Wednesday, December 15, 2010

One year later

Now you caught my heart for the evening. Kissed my cheek, moved in, you confuse things.
Should I just sit out or come harder? Help me find my way.

One year later, here we are. I'm yours.

I came harder.

Thursday, December 9, 2010

him again...

he's like the light of my life and yet his words bring me down. it's always a constant battle with him; a push and pull and push again kind of thing. he makes it so clear to me. he lays it down. but, he's got me stressin'. i mean hard core stressin'. like i can't sleep at night. like it hurts so much to be here. like it's more than i can bare. like he's taking all i got. nothing for me. the red light is flashing because i'm running on E. it's complicated. he says he loves me no matter what. but, other times he likes to hate on me. pointin' out my flaws, sayin' he still loves me but he ain't got room for me. and i just wanna say "look muthafucka, take me as i am or leave me the fuck alone!" of course i never say that. i got to much respect for him to diss him like that.


I have a relationship with god, and it's a hectic one.
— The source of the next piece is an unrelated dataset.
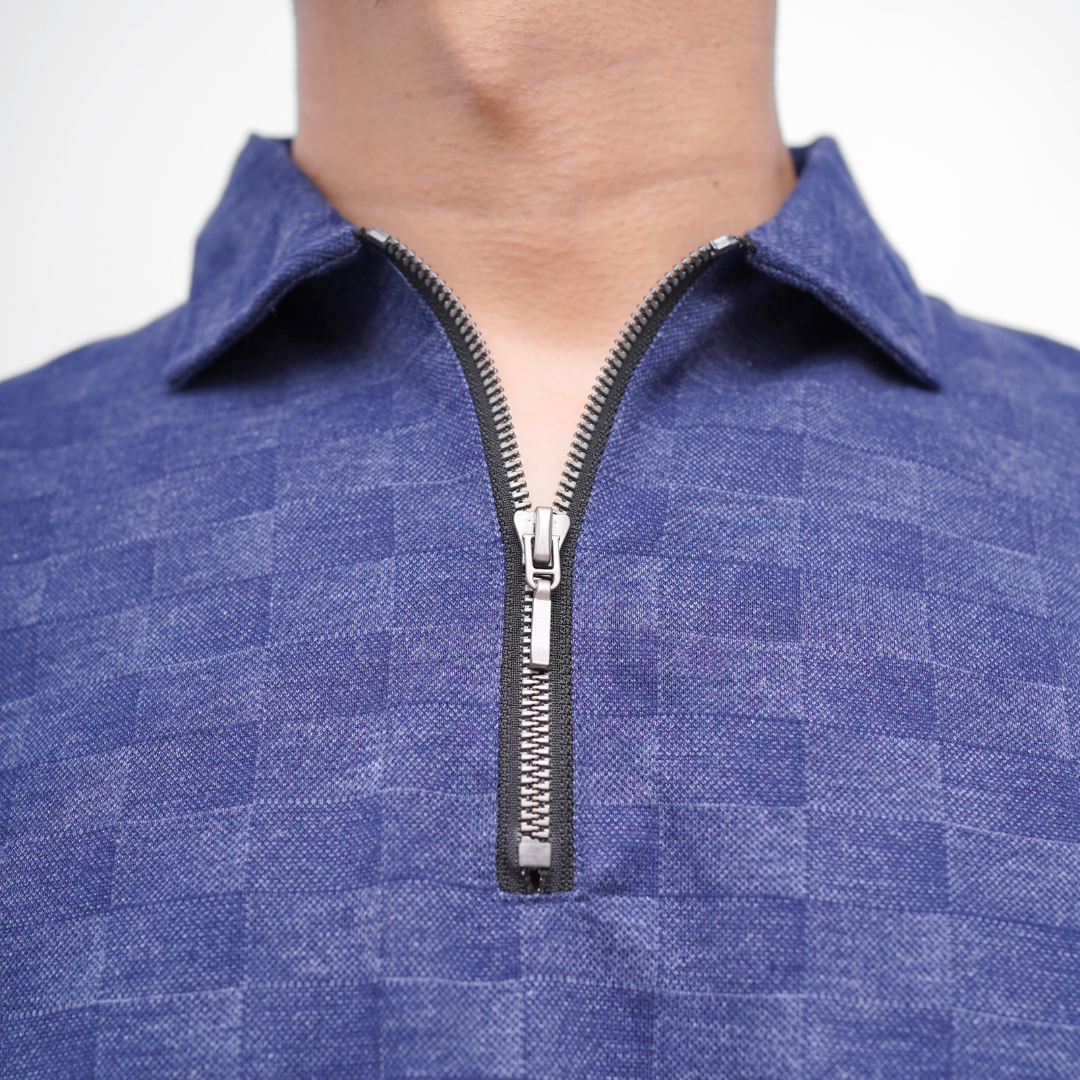 Ryusei Polo Pria Rai Navy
Saturday, December 4, 2010

The Night

The lights were very dim,
your skin looked orange in the deep night shadows.
Your skin was everything to me:
it held all my dreams and desires.
I was ravenous that night.
I wanted to consume every part of you.
I wanted to empty you out
and fill you up with me.
i did.
I filled every secret part of you with every part of me.
We fit together.
Perfectly.
The night was deep.
The night was dark.
Yet, your light blinded me.
All shackles of humiliation or trepidation clanked to the cement under our toes.
We moved rhythmically against the cold tiles, cold green tiles.
We could have been caught.
They could have found us out that night.
But, God let them wait til the morning.
One night, the last night
the only night you were mine.

Thursday, December 2, 2010

All that I am

If a metaphor could express how I feel right now, I guess I would say I feel fucked. Multiple times. No pleasure. No pain. Just numb. I feel numb. I am numb. I am not pleasure. I am not pain. I am numb. I am busy. I am slow. I am in a constant state of going nowhere. I am going everywhere. I am everywhere. I am nowhere. I am sacrificing. I am selfish. I am greedy. I am generous. I help to feel full. I give to take. I refrain to go ahead. I whisper under my breath like I am screaming. I live to die. I die to live. I am nothing. I am everything. I am dominant. I am subordinate. I am inferior. I am superior. I take her. I am taken by her. I feel her inside. I go inside. I breathe to exhale. I exhale to breathe. I eat to shit. I shit to eat. I walk to get there. I get there to walk back again. I write to erase. I erase to write again. I call to hang up. I hang up to call tomorrow. I leave to return. I return to leave this morning. I am. I am not. I am godly. I am evil. I am good. I am bad. I am all that exists in between. The only consistency exists in my love. It may move through, between, in, out, and all over, but I do love. I love.